Shares of Workiva have merely returned 3.6% in the past three months, underperforming the industry’s gain of 10.6%.

Let’s delve deeper and try to find out what’s taking a toll on this Zacks Rank #4 (Sell) company.

Growth Impediments

Analysts have become increasingly bearish on the stock in the past couple of months with all estimates moving south and no movement in the opposite direction. The Zacks Consensus Estimate for the current quarter declined from a loss of 15 cents to 22 cents.

The company also provided a not-so-encouraging guidance. For fourth-quarter 2017, total revenues are anticipated between $53 million and $53.4 million. The Zacks Consensus Estimate is pegged at $53.3 million. Non-GAAP operating loss is expected in the range of $8.8-$9.2 million.

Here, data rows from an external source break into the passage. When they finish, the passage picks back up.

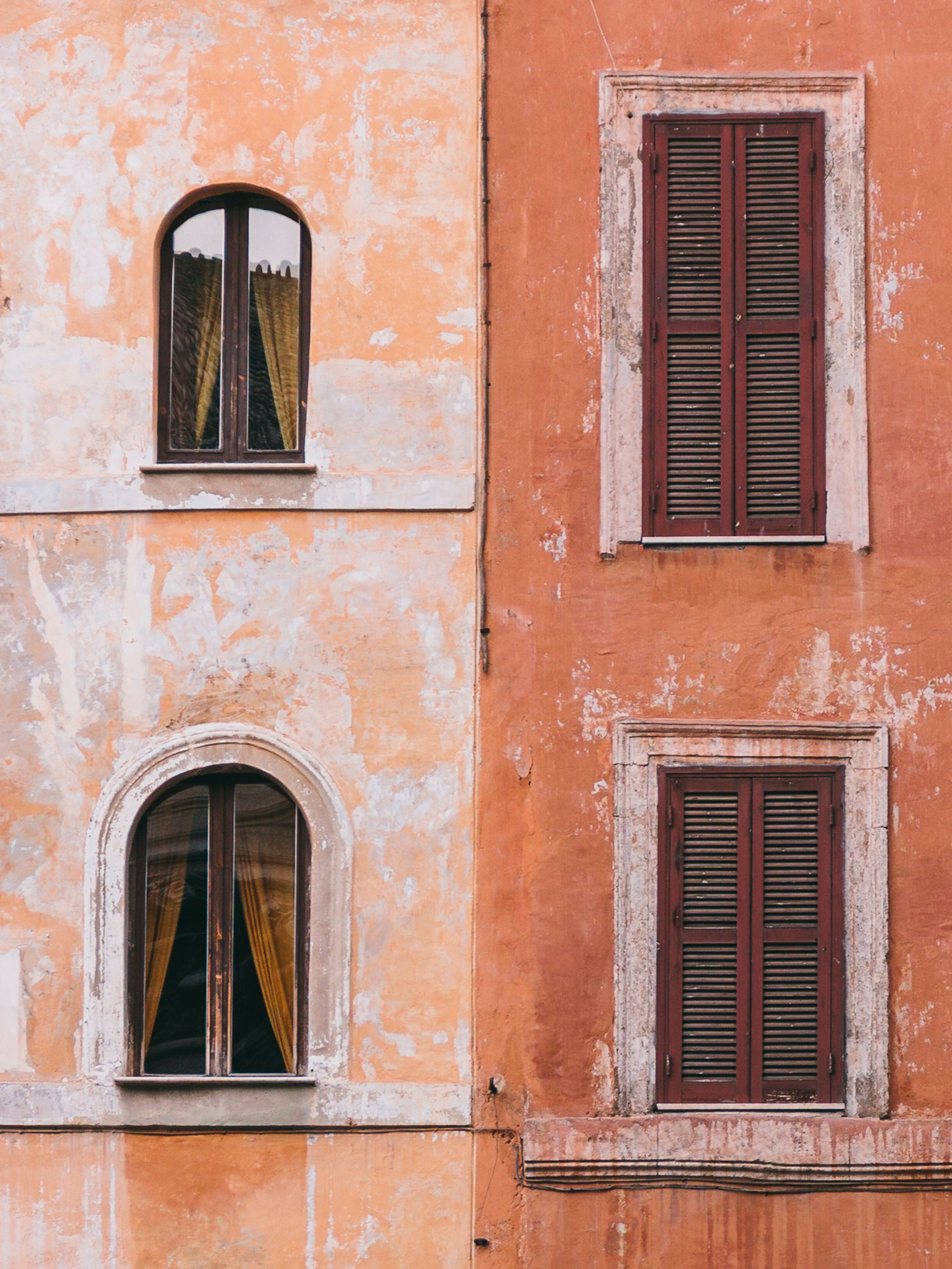 Close-up of rustic Italian architecture in Rome with weathered walls and windows.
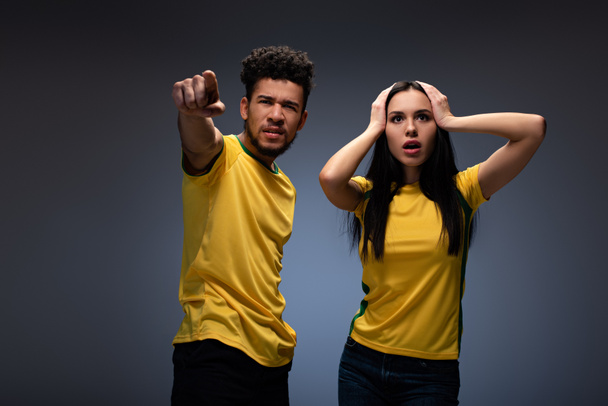 Casal multiétnico preocupado de fãs de futebol em camisetas amarelas apontando em cinza
 - Foto, Imagem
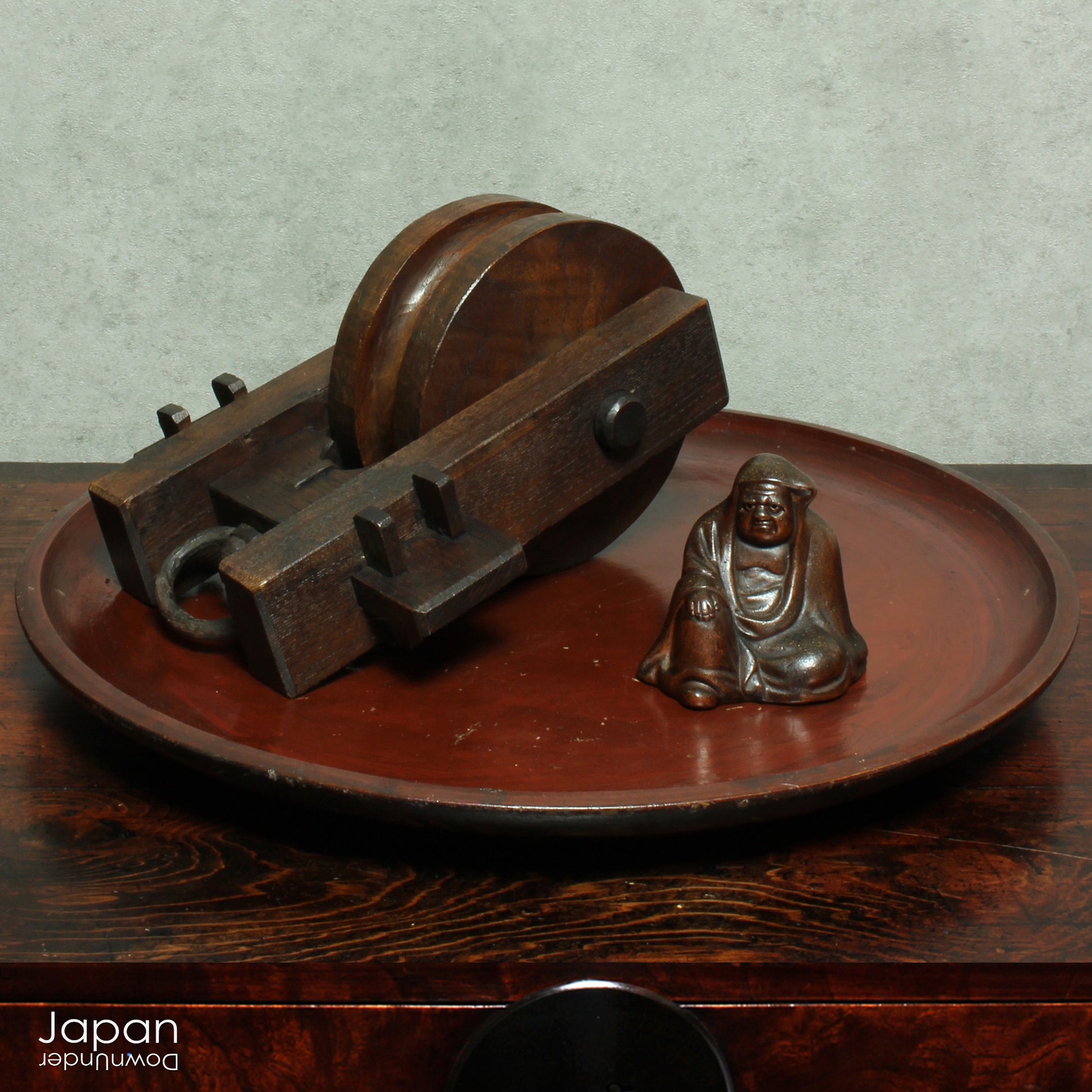 Bring a touch of authentic Japanese rustic charm into your home or garden with this exquisite antique well pulley, a fine example of traditional mingei (folk craft). Expertly crafted from keyaki (Japanese zelkova), a highly prized hardwood known for its strength and stunning grain, this piece is both a functional relic and a beautiful decorative accent.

Workiva expects negative operating cash flow in the fourth quarter due to the timing of the payment of certain annual cash bonuses. Non-GAAP net loss is expected in the range of 22-23 cents per share. The Zacks Consensus Estimate is pegged at 22 cents per share.

For 2017, Workiva forecasts total revenues between $206.4 million and $206.8 million. The Zacks Consensus Estimate is pegged at $206.7 million. Non-GAAP operating loss is expected in the range of $25.2-$25.6 million.

Non-GAAP net loss is expected in the range of 63-64 per share. The Zacks Consensus Estimate is pegged at 63 cents per share.

Intensifying competition from peers like Oracle (ORCL - Free Report) , SAP Business One, Adaptive Planning and OIKOS Treasury Suite is a concern for the company.

We expect the aforementioned factors to hurt the company's near-term profitability. Hence, we recommend investors to stay away from Workiva shares until its Zacks Rank and estimates improve.

Zacks Rank &Stocks to Consider

A couple of top-ranked stocks in the broader technology sector include Broadcom Limited (AVGO - Free Report) and NVIDIA Corporation (NVDA - Free Report) . These stocks sport a Zacks Rank #1 (Strong Buy). You can see the complete list of today’s Zacks #1 Rank stocks here.

Broadcom and NVIDIA have long-term expected EPS growth rate of 13.7% and 10.25%, respectively.